ELESPECTADOR.COM, 10 Sep 2013 -
Por: Cecilia Orozco Tascón
Esta democracia está tan dislocada que las crisis políticas se resuelven a las carreras mientras que la solución de las que se relacionan con la rama judicial –base de la convivencia social– se dejan para después, hasta cuando ocurra un nuevo escándalo.
De los paros, salió algo bueno: los campesinos existen por primera vez en la agenda pública. Pero ¿qué pasó después del tsunami provocado por la reforma a la justicia con la que pretendían apuntalar sus intereses unos magistrados clientelistas que hoy ocupan buen espacio en las cortes, y que son los dueños de los nombramientos y, no pocas veces, hasta del sentido de las decisiones? Nada. ¿Quién va a castigar a los miembros venales de los altos tribunales? ¿La Comisión de Acusación de la Cámara de Representantes? No me hagan llorar de la risa.
Debido a este contexto, la tutela fallada por una sala de dos magistrados de la Corte Suprema a favor del fiscal Eduardo Montealegre, deja un sabor agridulce. Agrio porque resultó, mágicamente, beneficiando a unos terceros no vinculados a la tutela, los magistrados del despreciable Consejo Superior de la Judicatura investigados por el ‘carrusel de las pensiones’. Dulce, porque frena la locura de poder y venganza que parece haber invadido a la funcionaria que dirige la Contraloría General y que ella usa contra quien ose enfrentarla, como era evidente en el asunto Montealegre ¿Qué iba a imaginarse el fiscal que su argumentación jurídica sobre el fuero que lo cubre y que impide que la Contraloría lo investigue, terminaría por ser aprovechada por los falladores de la Corte Suprema para favorecer a los magistrados de la Judicatura, Henry Villarraga y Julia Emma Garzón, señores de regular fama que les dieron puesto, por dos y tres meses, a jueces que aspiraban a retirarse con pensiones de $14 millones en vez de $2? Pues así resultó la sentencia: una carambola a cuatro bandas. En su esencia, dice: “prevenir a la Contraloría… (de) iniciar o proseguir investigación alguna contra (todos) los funcionarios aforados constitucionalmente”. Pero antes, los firmantes de la tutela se habían ocupado de mencionar explícitamente a “los magistrados del Consejo Superior de la Judicatura”. Con esta decisión, Villarraga y compañía se salvaron de asistir a la audiencia de ayer, donde tendrían que rendir explicaciones ¡Qué oportuna decisión!
Hagamos una composición de lugar:
En la Judicatura del carrusel tienen asiento ahora, gracias a que sus excolegas de la Suprema votaron por ellos, dos exmiembros de esa corte que no brillan por sus decisiones sino porque se las arreglan para dominar el ambiente: el cartagenero Francisco Ricaurte y su pareja, Pedro Munar.
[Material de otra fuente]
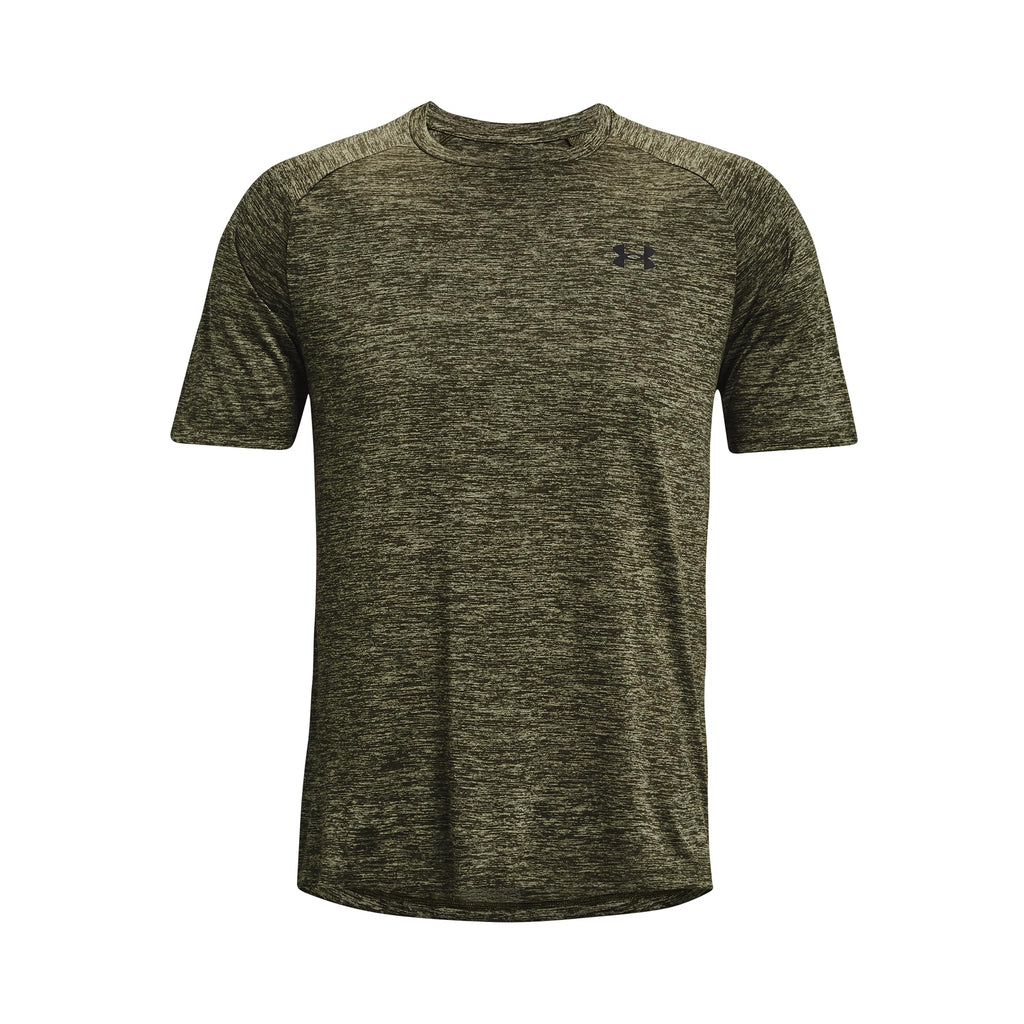 T-Shirt Under Armour Tech 2.0 – Confort Quotidien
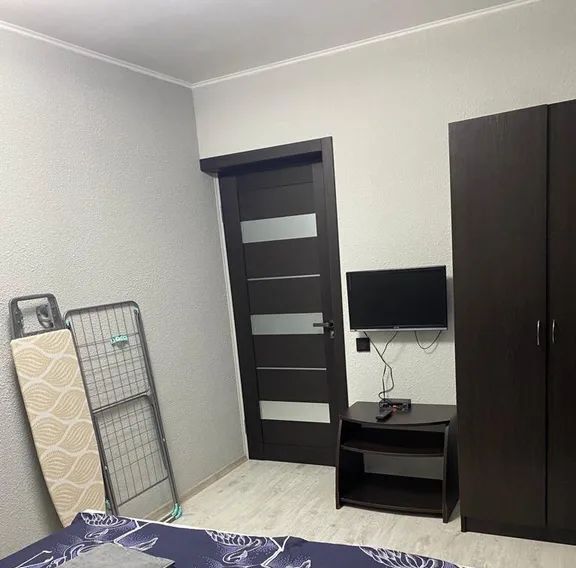 комната г Евпатория пгт Мирный ул Сырникова 31б фото 9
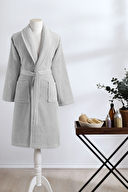 Özdilek Clover Şal Yaka Bornoz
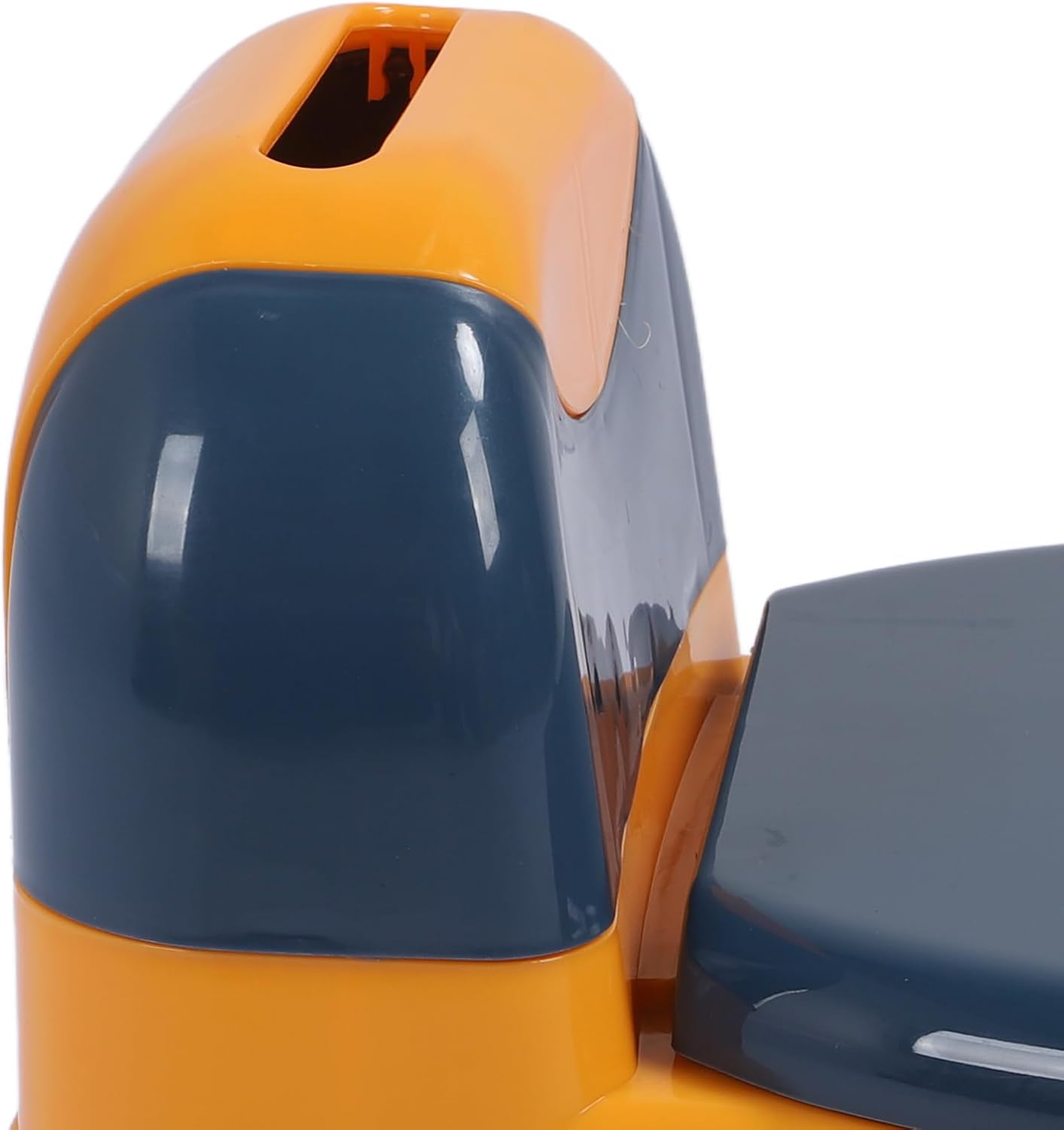 Vasino di Transizione per Bambini con Spazio Salviette - immagine 7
Uno de los dos que falló la tutela del fiscal Montealegre, extensiva, como caucho, a Villarraga y Garzón, fue el cartagenero Gustavo Enrique Malo, que llegó a la alta magistratura con el apoyo intenso de Ricaurte. La presidenta de la Suprema, la santandereana Ruth Marina Díaz, también se mueve como pez en el agua –no en vano se relaja en cruceros caribeños– en esos enroques de corte a corte (ella misma pretende pasar a la Constitucional el año entrante). Al mismo tiempo en que se resolvía la tutela, ella destrabó, de repente, el nombramiento de cinco magistrados que llevaba dos años en problemas. Los nuevos togados quedaron bien repartidos: dos eran magistrados auxiliares de la Sala Laboral, antigua sede de Ricaurte. Dos, son oriundos del departamento de la paseadora. Y el quinto, viene de la Procuraduría, del (sorpresa) también santandereano Alejandro Ordóñez ¿De qué hablamos, entonces? ¡De otro carrusel! ¿Cómo van a sancionar el primero, si practican el segundo?